Wendy Doniger (The Hindus: An Alternative History)
Lord Hanuman once visited a lake for taking bath and heard something beautiful (A female voice) and he ejaculated his sperm on that river by masturbation without anyone noticed and prayed to lord rama and universal lord (No One), that river and sperm went to south and reached both hole, where sita and andal left their souls in time frame . That is where universal lord saw the truth about immorality and sent many souls to find out the truth, why and how hanuman masturbated who himself said that 100% pure and which girl and how that girl made him to do that. not only beauty but also voices are dangerous sometimes 17, 23, 18, 0, 9, 6, 5, 13, 11, 12 Hanuman stories
Ganapathy K
Rama asked if Sita would like to return to Ayodhya. Then Valmiki accompanied Sita to Ayodhya and then Rama again asked Sita to prove her faithfulness towards him again. With this Sita prayed to Vasundhara to accept her since he was ever faithful to Rama. Thus a heavenly throne rose up from within the earth, borne on the heads of mighty nagas, decked in shining jewels; and the Earth stretched out her arms and welcomed Sita and placed her on the throne, and the throne sank down again. / Incomplete?!
Ganapathy K
Within there is regard for the law of marriage; without there isn’t any.

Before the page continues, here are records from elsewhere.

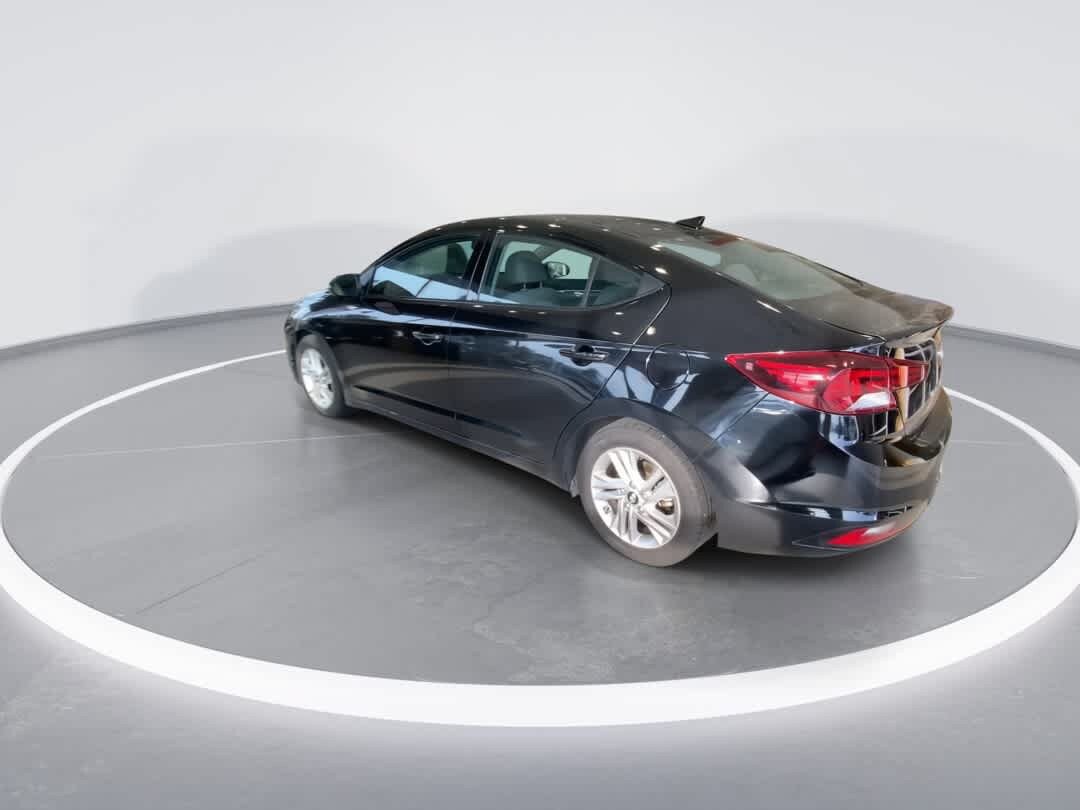 Used 2020 Hyundai Elantra SEL FWD image 6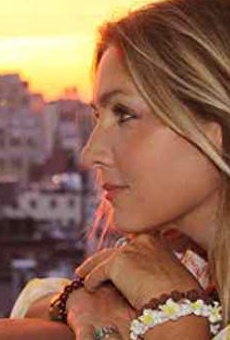 Películas de Romina Power
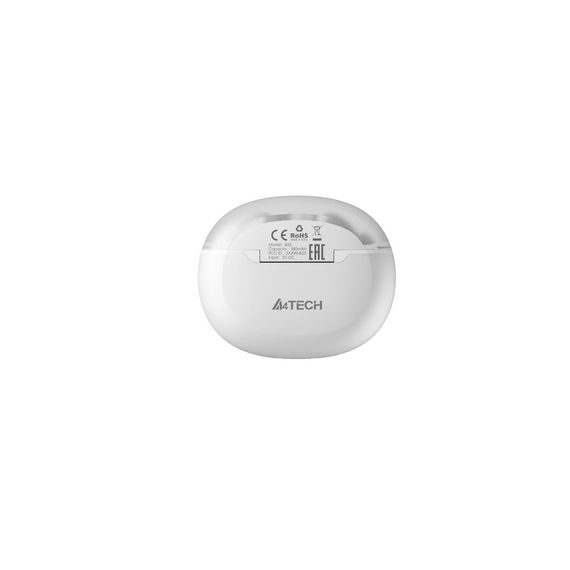 Навушники A4Tech B25 Grayish White | Зображення 5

Within, Sita is Rama’s wife. Outside, she is a woman for the taking. Ravana knows that if he enters Rama’s hut and forces himself on Sita he will be judged by the rules of society. But when he forces himself on Sita outside the Lakshmana-rekha, he will be judged by the laws of the jungle. Within, he will be the villain who disregarded the laws of marriage. Outside, he will be hero, the great trickster.
Devdutt Pattanaik (Myth = Mithya: A Handbook of Hindu Mythology)

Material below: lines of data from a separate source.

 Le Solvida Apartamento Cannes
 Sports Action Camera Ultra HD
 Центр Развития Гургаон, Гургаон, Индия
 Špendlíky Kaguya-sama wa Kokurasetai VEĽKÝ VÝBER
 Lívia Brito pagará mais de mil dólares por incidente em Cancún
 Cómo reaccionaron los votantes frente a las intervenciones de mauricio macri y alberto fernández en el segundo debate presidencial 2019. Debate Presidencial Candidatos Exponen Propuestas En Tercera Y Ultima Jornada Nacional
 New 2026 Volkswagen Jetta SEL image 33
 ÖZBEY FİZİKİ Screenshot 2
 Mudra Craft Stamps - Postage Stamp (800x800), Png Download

Amma, Rama has asked you to affirm the truth in the royal court, in the presence of the courtiers. After that you’ll be the queen. Mother of heroes, queen mother.’ Sita felt like laughing out loud. She controlled herself, out of respect for Valmiki, and said with a smile, ‘Do I need to do that? Is there any sense in such an effort?’ Valmiki was dumbstruck. But he understood Sita’s mind, which was strong and steady.

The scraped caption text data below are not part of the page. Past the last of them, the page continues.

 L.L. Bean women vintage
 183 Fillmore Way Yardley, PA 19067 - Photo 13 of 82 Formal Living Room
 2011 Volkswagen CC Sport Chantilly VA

Volga (The Liberation of Sita)
Did Ahalya know it would turn out like this? Rama has asked for my chastity test. Isn’t death better than this? Isn’t leaving me to my fate better? Why humiliate me like this? Why wage such a war if this is how I was going to be treated? War is for demonstrating the valour of men. Rama has proved his heroism. He is awaiting the demonstration of his wife’s chastity. Isn’t this what Ahalya called distrust? Wouldn’t accepting her in trust or rejecting her in distrust be better? What should be done now? Sita’s heart was like a volcano.